History repeating: A generation ago VW relied too heavily on the Beetle. Now models like the new Jetta should lessen its Golf dependence.

VW is keen to broaden its profile beyond the Golf, with a host of new models

9 Feb 2006

VOLKSWAGEN is keen to go beyond the “Golf Car Company” in Australia.

“The time is (for now) to sell an actual model range here,” says managing director Jutta Dierks.

In 2005, 59 per cent of VW’s record 15,782 overall vehicle sales were made up of the Golf, with the other 15 separate vehicle lines (as then defined by VFACTS) splitting the remaining 6471 units.

To help VW achieve less Golf reliance, two key new models will arrive: this month’s Jetta and an all-new Passat from April.

Furthermore the company is relying on the recently revised and expanded Polo line-up (which includes timely two hero models – a parsimonious TDI diesel and flagship GTI), as well as the refreshed New Beetle, which now also offers a TDI variant.

Support from a different direction is on its way too, in the guise of an affordable new people mover combatant.

Called the Caddy Life, it is based on the Polish-built, Golf V-based Caddy commercial vehicle and promises to be very keenly priced – perhaps well-under the $30,000 mark.

A 77kW 1.9-litre TDI turbo-diesel will also help broaden the Life’s appeal.

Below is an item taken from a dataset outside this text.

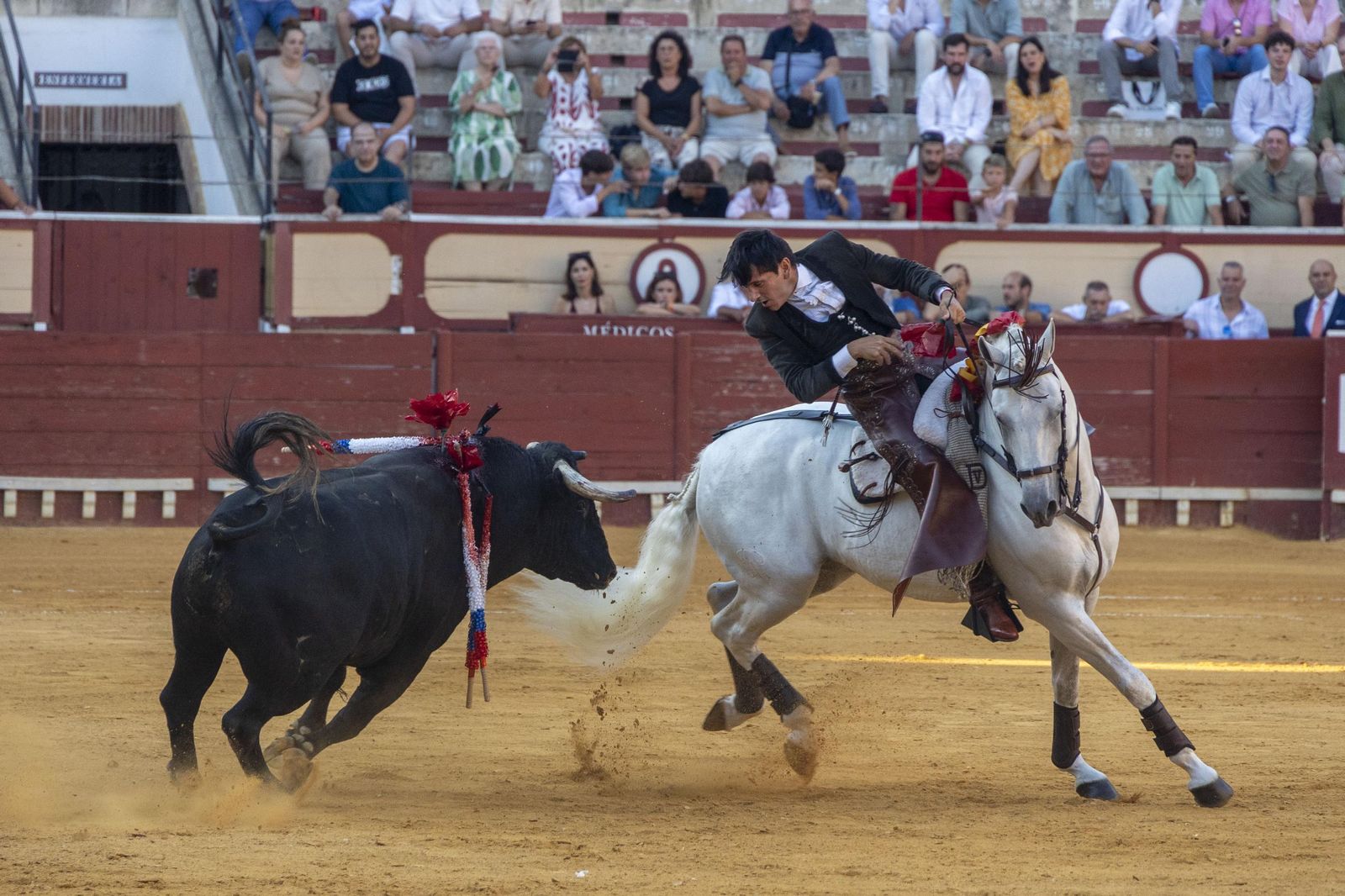 Las imágenes de la corrida de toros en El Puerto: puerta grande para Talavante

Also Golf-related is the R32 V6 4Motion flagship, with 184kW of power and a Haldex all-wheel drive transmission.

Facelift versions of the Touareg 4WD wagon – including a powerful new 3.0-litre V6 turbo-diesel similar to the unit found in Audi’s popular A6 3.0 TDI – are also due in the third quarter.

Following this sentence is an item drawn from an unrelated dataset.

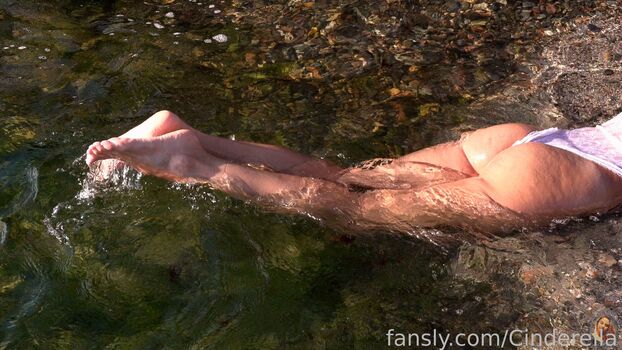 Leaked Cinderella girl  page private photo viral onlyfans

On the commercial vehicle front the big VW LT van replacement, the Crafter, is expected in Australia by year’s end, to give the Mercedes Sprinter vans a run for their money.

However there is no chance of seeing the Eos coupe-convertible, VW’s belated replacement for the Golf Cabriolet. Production delays mean a mid-’07 release is the most likely ETA.

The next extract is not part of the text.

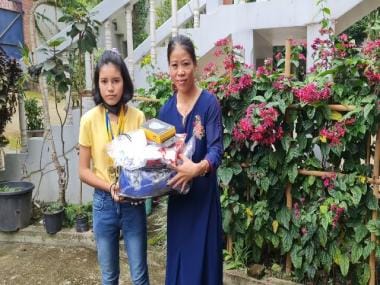 Mary Kom meets young fan who broke down in viral video after her defeat in Tokyo Olympics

VW refuses to disclose overall market projections for 2006, but is quietly relying on the recent and upcoming new model activity – including in market segments it has performed poorly in the past – to help it sustain the 50 per cent or so growth enjoyed last year.

“Of course we have an idea but we have never had this type of sporty sedan in this market (in the Jetta). So there is a huge potential and we are prepared for everything but we will see how it will go,” Mrs Dierks told GoAuto last week.

“We have no volume pressure from our headquarters (in Wolfsburg, Germany) so we’re actually quite free to do our thing. There is no need to push.

“One of our goals is to increase market share. With 1.6 per cent we are still a small player in the market. It is low I know but I think it is a good beginning.

“The other thing is to get the message across is that we are affordable, we have German engineering and that we offer quality for incredible value and that we have cars that are fun to drive.

Mrs Dierks believes that VW’s 46.7 per cent sales increase in 2005 was “amazing” considering it suffered stock shortages as a result of key models like Polo, Bora and Passat being in run-out phase.

“We now have to sell a model range, to really bring in Polo, Jetta and Passat and all the other cars we have in the market.”